• **Directions**: Return nothing but the lines from the one with "Doggies Wallpaper •" through the one with "KOESON XL Dog" in the data below, word for word and without pictures.

○ ○ ○

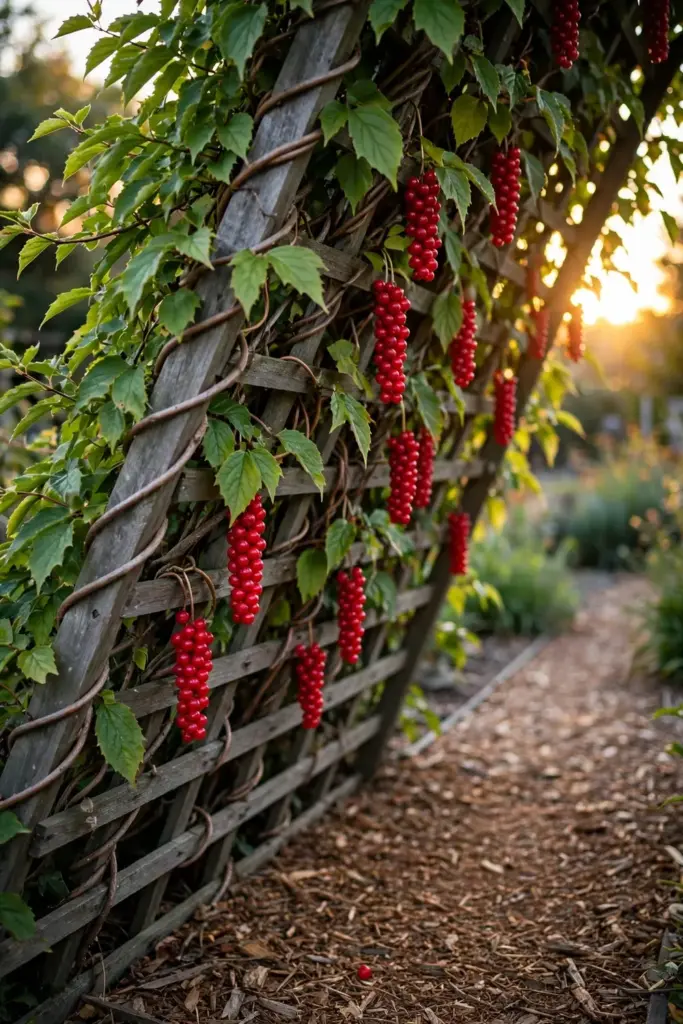 Mature schisandra vine heavy with scarlet berries on a garden arbor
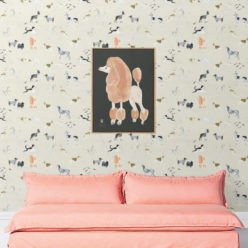 Doggies Wallpaper • Dog Wallpaper • Cream • Insitu with salmon colored sofa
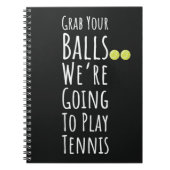 Grappige zwarte tennis team geschenken voor speler notitieboek (Voorkant)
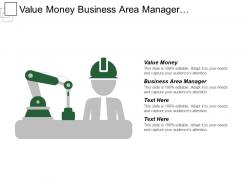Value money business area manager management decision diagram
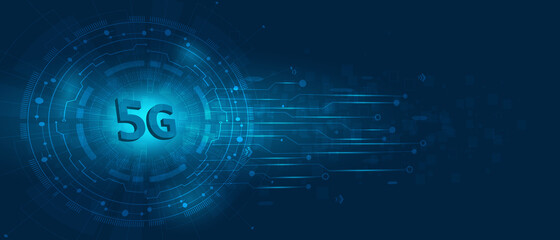 5G speed internet futuristic technology background with circuit board and light.Network electronic vector design. 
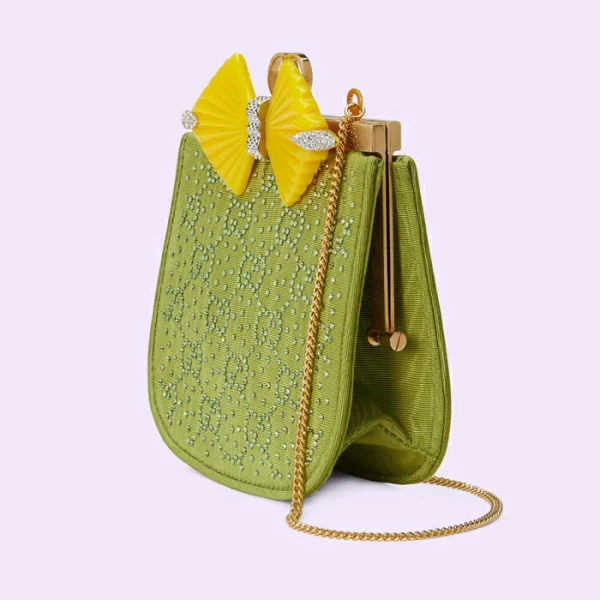GUCCI GG Moire Fabric Handbag With Bow - Green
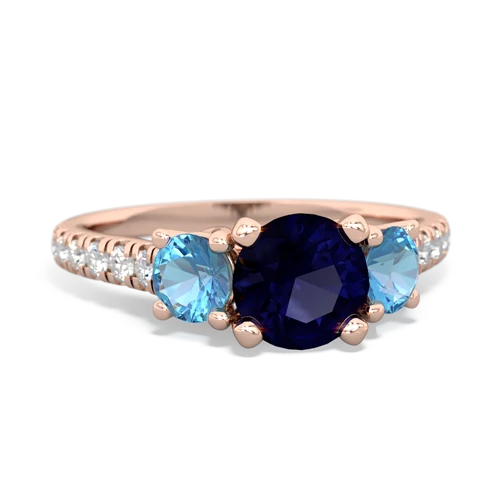 sapphire-blue topaz trellis pave ring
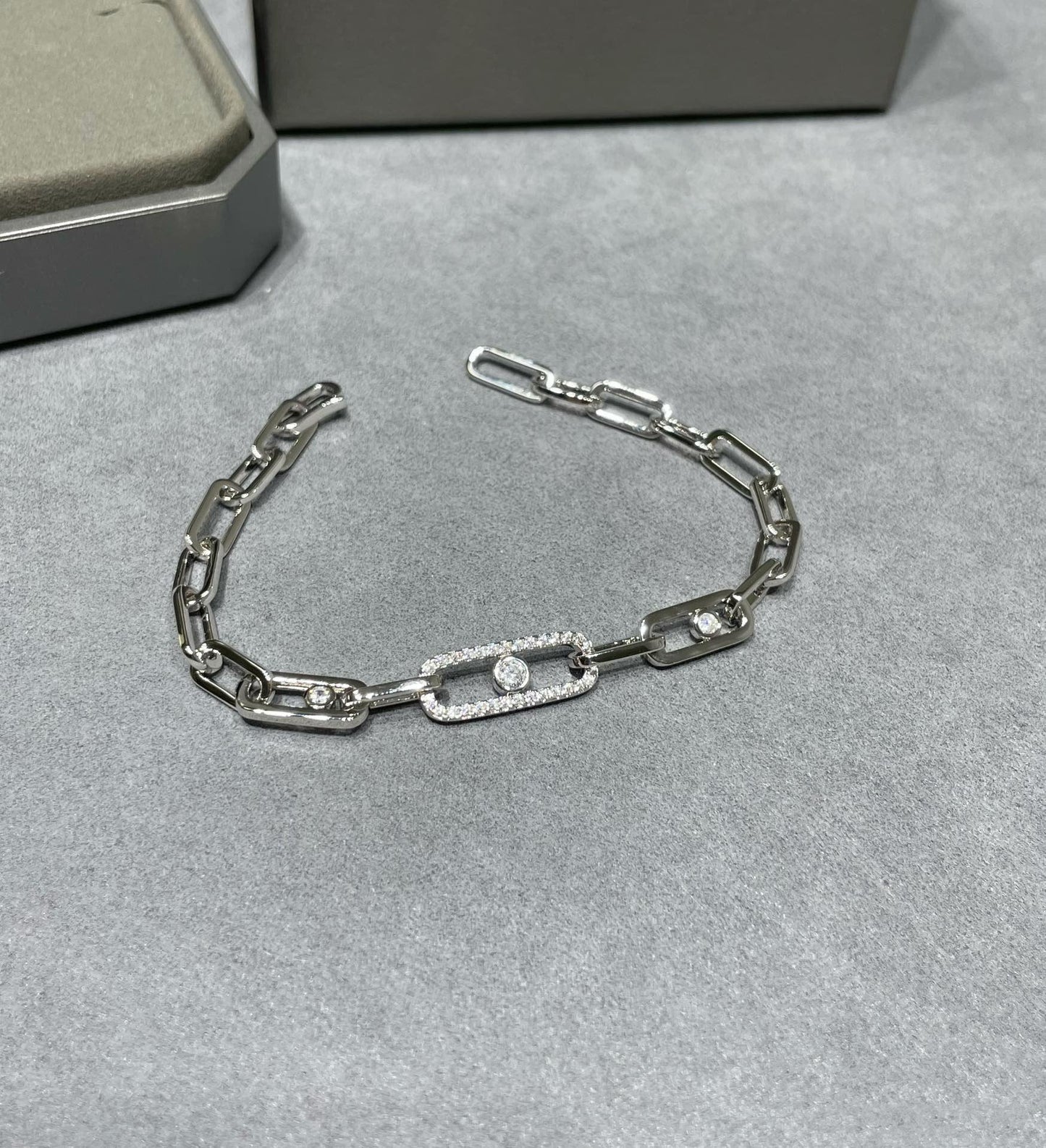 MESSIKA MOVE CHAIN LINK SILVER DIAMOND BRACELET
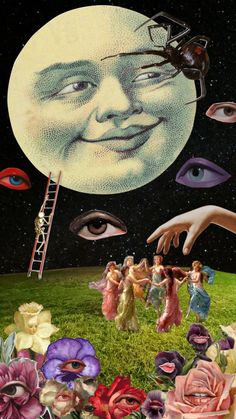 an image of a woman reaching out to the moon with her hands and eyes open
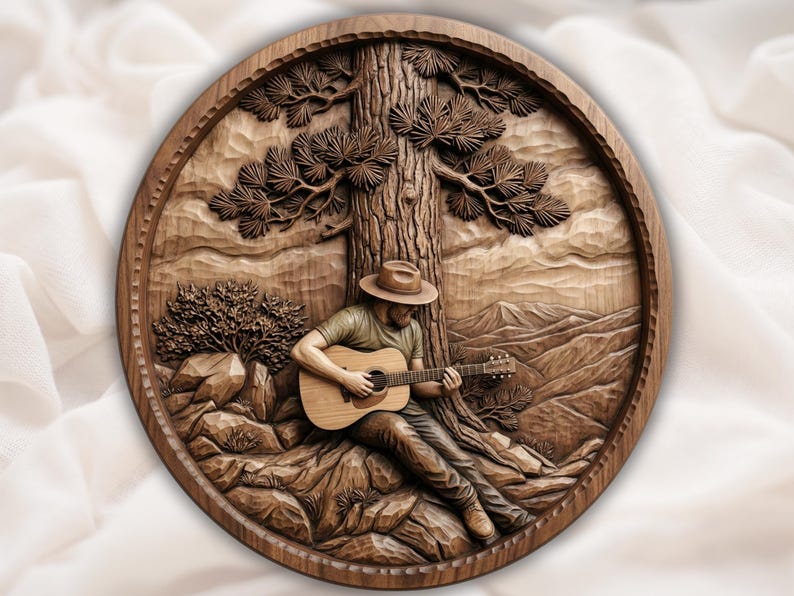 Cowboy Guitar 3D Relief STL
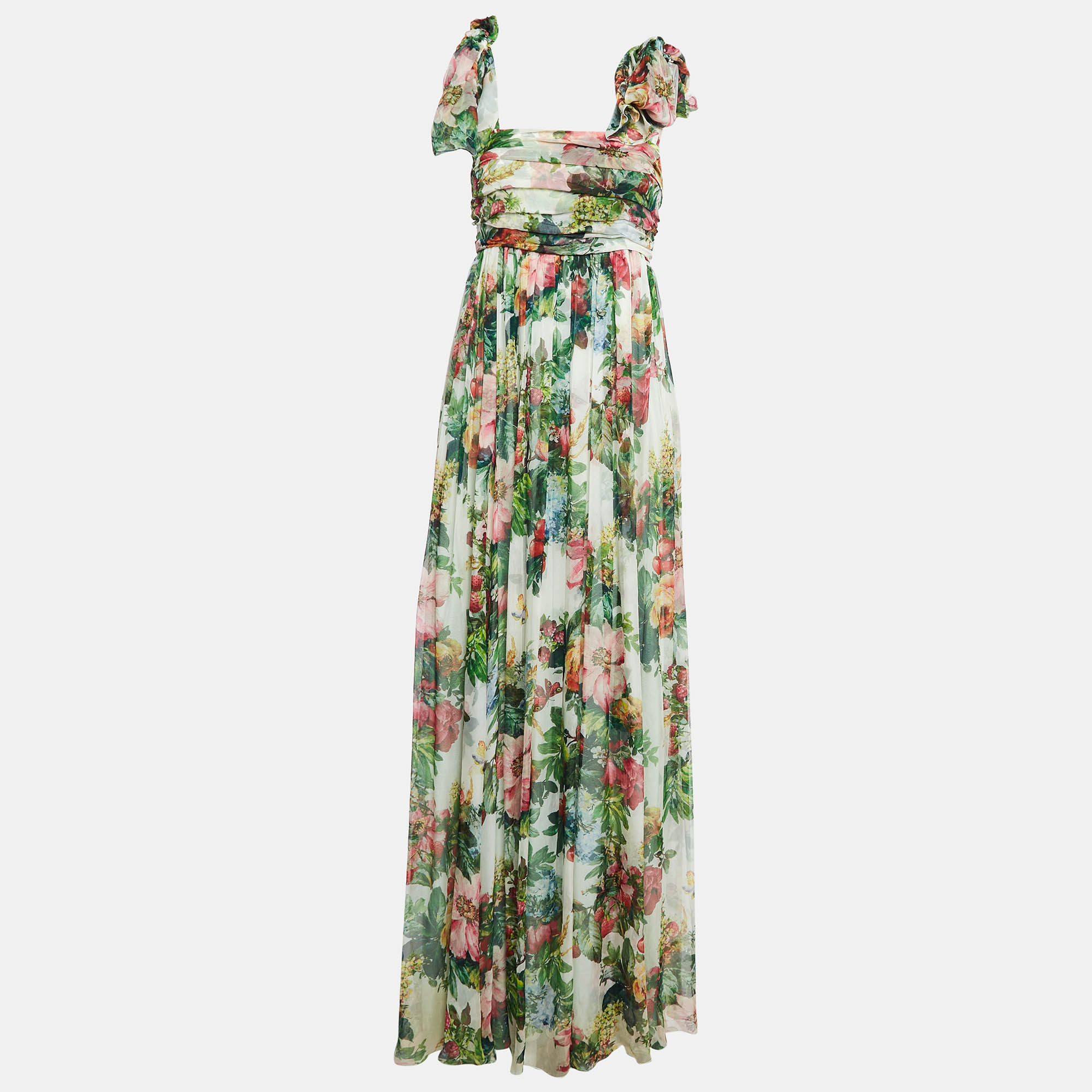 

Dolce & Gabbana Green Floral Print Chiffon Silk Waist Tie Detail Maxi Dress S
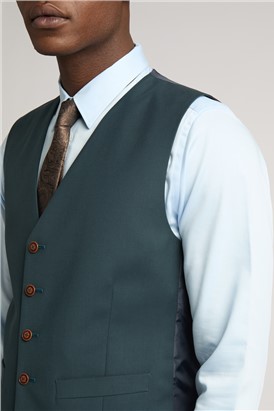  Slim Fit Bay Dark Teal Waistcoat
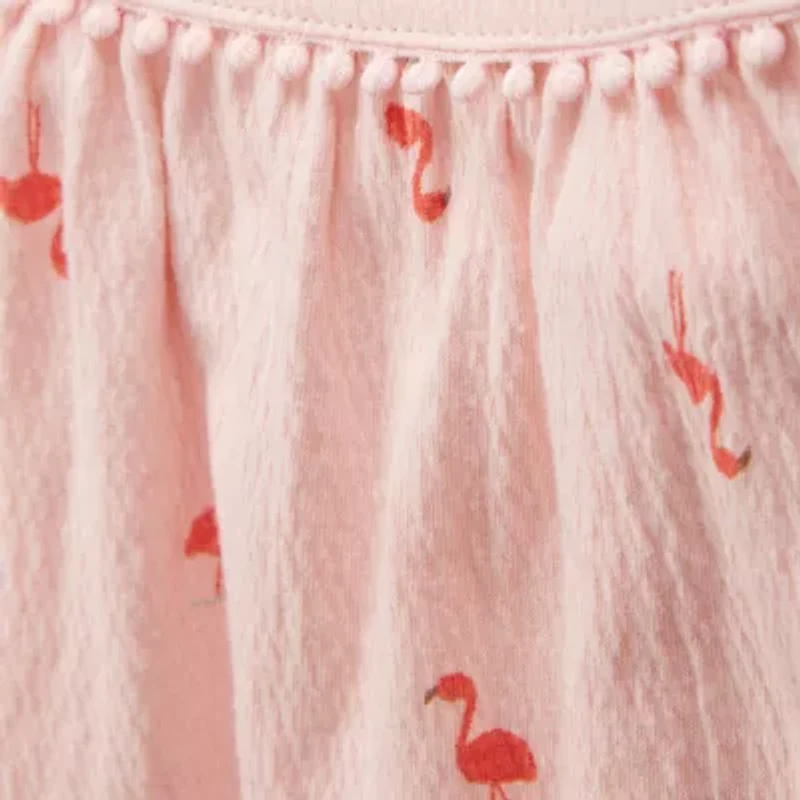 Carter's Flamingo Toddler Girls Square Neck Sleeveless Tank Top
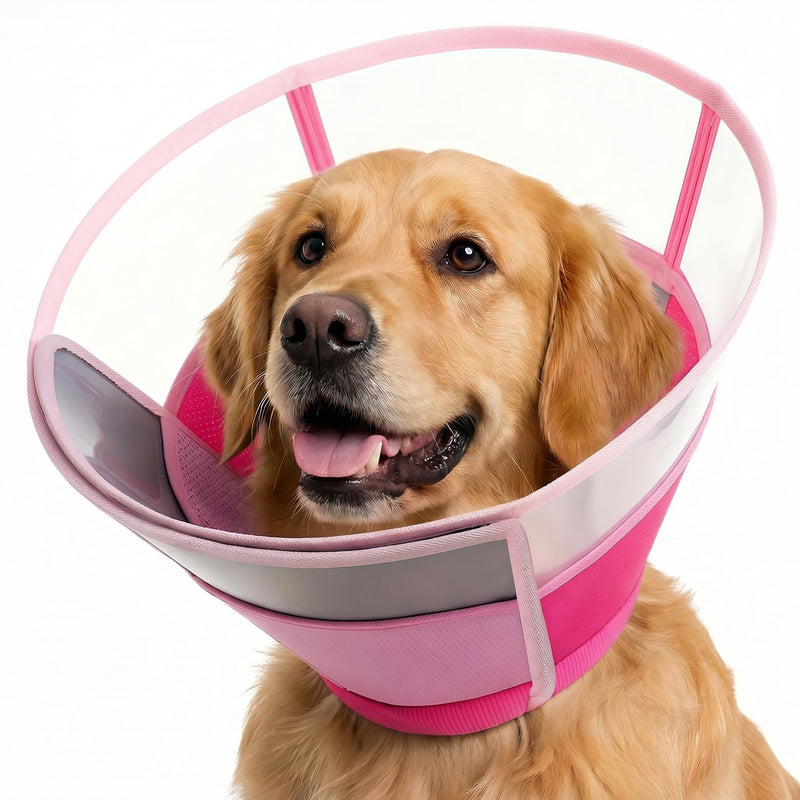 KOESON XL Dog Cone - Soft & Comfortable Cone for Large Dogs with Clear Sheild, Reflective Recovery Collar for Labrador, Golden Retriever, Adjustable Dog E-Collar for Wound Care, Spay, Neuter Pink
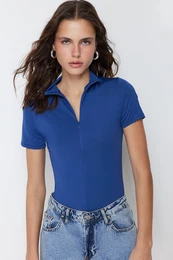 Dark Indigo Zipper High Neck Zippered Short Sleeve Flexible Snaps Knitted Body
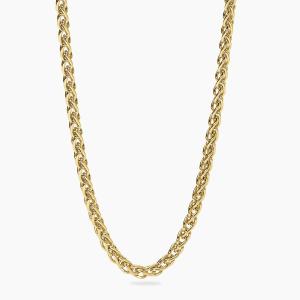 Collana uomo in argento dorato catena spiga 553877 - gallery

○ ○ ○

• **Solution to the exercise**:
 Doggies Wallpaper • Dog Wallpaper • Cream • Insitu with salmon colored sofa
 Grappige zwarte tennis team geschenken voor speler notitieboek (Voorkant)
Value money business area manager management decision diagram
 5G speed internet futuristic technology background with circuit board and light.Network electronic vector design. 
GUCCI GG Moire Fabric Handbag With Bow - Green
 sapphire-blue topaz trellis pave ring
 MESSIKA MOVE CHAIN LINK SILVER DIAMOND BRACELET
 an image of a woman reaching out to the moon with her hands and eyes open
 Cowboy Guitar 3D Relief STL

Dolce & Gabbana Green Floral Print Chiffon Silk Waist Tie Detail Maxi Dress S
  Slim Fit Bay Dark Teal Waistcoat
 Carter's Flamingo Toddler Girls Square Neck Sleeveless Tank Top
 KOESON XL Dog Cone - Soft & Comfortable Cone for Large Dogs with Clear Sheild, Reflective Recovery Collar for Labrador, Golden Retriever, Adjustable Dog E-Collar for Wound Care, Spay, Neuter Pink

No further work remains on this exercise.